The other parts, are a matter of record -- only false to someone with his head where the sun doesn't shine. We assisted him in ways that helped him overcome an initially-weaker grasp on power. It is not clear whether we were essential to his grasp on power, but we supported him. We certainly helped him pinpoint chemical attacks against Iranians and supplied him with the helicopters and other weaponry and items of importance he used to oppress the Kurds and keep himself in power, etc. because we liked his slaughter of the Iranians and felt we needed an ally in the area (not unlike our dealings with Pakistan today). The pictures of a smiling Rumsfeld shaking hands with Sadaam are not doctored but are part of an extensive history between the US and Sadaam that is also backed up by government documents.
You think this is somehow justified by the fact that we did the same with Russia in WWII? Both are criminal negligence (at least) on the part of the leaders and those who blindly supported them, as are our current pacts with Pakistan, Shiites, Uzbeckistan, etc. and the next war will be the result of the actions of the latest criminal-in-chief, all so innocent and honest to Republican/neocon collaborators.
According to a single flawed study. I'll believe the Red Cross numbers, thanks.
Again, before you make such outrageous claims (that it was a single flawed study), expose your head to some sunshine, a
I didn't realize it was the U.S. troops setting off those bombs at crowded intersections and recruiting lines. I should have known that the insurgents (read:terrorists) would never harm an innocent.
The fact is, most Iraqis killed by the Americans by far have been civillians. This is true in case after case. Often, there are no insurgents in sight. The US excuses civillian deaths as necessary collateral damage. Since when are American-government-recruited Iraqis not a legitimate military target. They are certainly being trained specifically to do nothing but shoot insurgents. This is not the only way Americans hide behind Iraqi civilians, and then blame the insurgents for deaths of those they put in harms way. I seriously doubt that Iraqi insurgents kill more innocents than Americans do, even with the much more advanced weapons systems available to Americans. This is even more obviously true if you seperate out the legitimate insurgency from the foreign terrorists the Americans have allowed to prosper there through sheer negligence etc. There never was a suicide bombing before the Americans came even though the foreign terrorists hated Sadaam almost as much as they hate Americans because he was a tribal power instead of a religious fanatic like those Iranian affiliates we are putting into power there.

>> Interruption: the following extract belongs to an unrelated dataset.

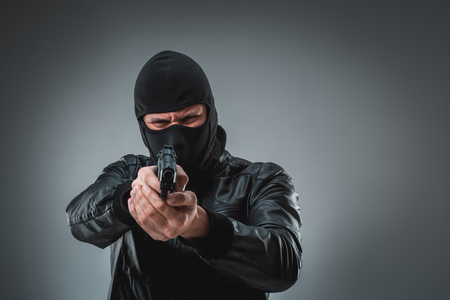 Burglar or terrorist in black mask shooting with gun.の写真素材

What is this rubbish? War ended in 1945, Hitler died in 1945. Where is the 18 month period? And the Germans never wanted to 'return from the East Front'. They were beaten up there and pushed out by force.

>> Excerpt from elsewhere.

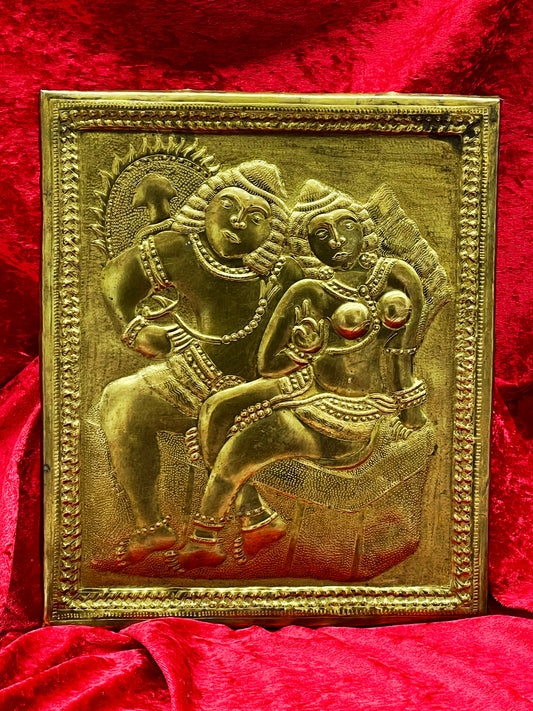 Antique Thai brass repoussé relief of Rama and Sita embracing, on red velvet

I probably got some facts wrong, but you statement about them being beaten up and pushed out by force is also quite wrong. I will have to find and reread his autobiography. Just the quick web search I did credits him for successfully bringing 1.2 German soldiers back from the Russian front instead of allowing them to be brutalized there. I don't blame generally German soldiers (some were quite blamable), I blame the leaders of the Nazi party and the blind followers who let it happen, just as I don't blame American soldiers for the atrocities generally (although many are individually blamable) but the leaders of the Democrat and Republican parties who made it happen and the many stupid followers who encouraged them bear significantly more blame.
If you're asking why German POWs were treated so harshly by the Russians, read up on the treatmen Soviet POWs got in German custody.
I never asked it nor justified it. It is you who is trying to whitewash the actions of Americans supporting their Russian proxies. So the war is just about who can brutalize the enemy, as well as their own populations and neighboring countries the most? Winning, so you don't get held accountable for your war crimes?
The Russians committed a lot of war crimes (Katyn comes to mind), but your whitewashing of the Nazis is just funny.
I am sure this is one of many ways you amuse yourself at your own expense, but I never excused any crime of our allies, enemies, or presidents.
If our actions are making terrorists, then Afghanistan and Iraq should be major exporters or terrorists. Yet that is not the case. Hell, Iraq can't produce enough "insurgents" to fight against U.S. forces in their own country. Most terrorism there is due to foreign interlopers.
When the scandal at Abu Ghraib broke out, I believe that fewer than 2% of the occupants were found to be foreigners.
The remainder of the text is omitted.